Federal Online Gaming May Get a Boost After Deficit Debate
The federal government has committed themselves to the reduction of the federal budget and could provide for the opening of discussions about the legalization of online gaming.
When congress reconvenes later this month the debate regarding the proposal of online gambling put forward by Harry Reid, the Senate Majority Leader for D- Nevada and Senator John Kyl for R-Arizona, is expected to resume. At present the bill only allows for online off-track betting and poker and excludes all other online gaming. Although the bill permits lottery sales online by the individual states it prohibits any international player pools.

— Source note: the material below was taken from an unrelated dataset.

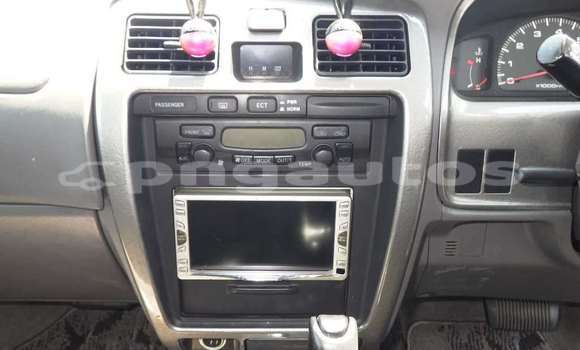 Buy Used Toyota Hilux Other Car in Laiagam in Enga Buy Used Toyota Hilux Other Car in Laiagam in Enga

Should the Federal government pass a law that permits online gambling under the Reid-Lyl terms for the bill in all of the 50 states, the British consulting company H2 Gambling Capital has estimated that the market will hit about $2.82 billion in just the 1st year, and further estimates that $4.57 billion three years later. This means by the third year approximately $91 million will be funneled into the government's pockets with taxes.
H2 has acknowledge that these figures could be less if many of the states opted out of online gambling through a provisions that is embedded in the bill.
During December 2011 the U.S Justice Department issued a ruling that clarified the Federal Wire Act of 1961 which prohibits transmissions interstate for sport betting and online gambling proponents. It hoped that it would clear the path for the various states to begin permissions and regulations for online gambling. With the bill currently throttled by the federal defect, advocates of gaming hope that the federal bill now has a chance.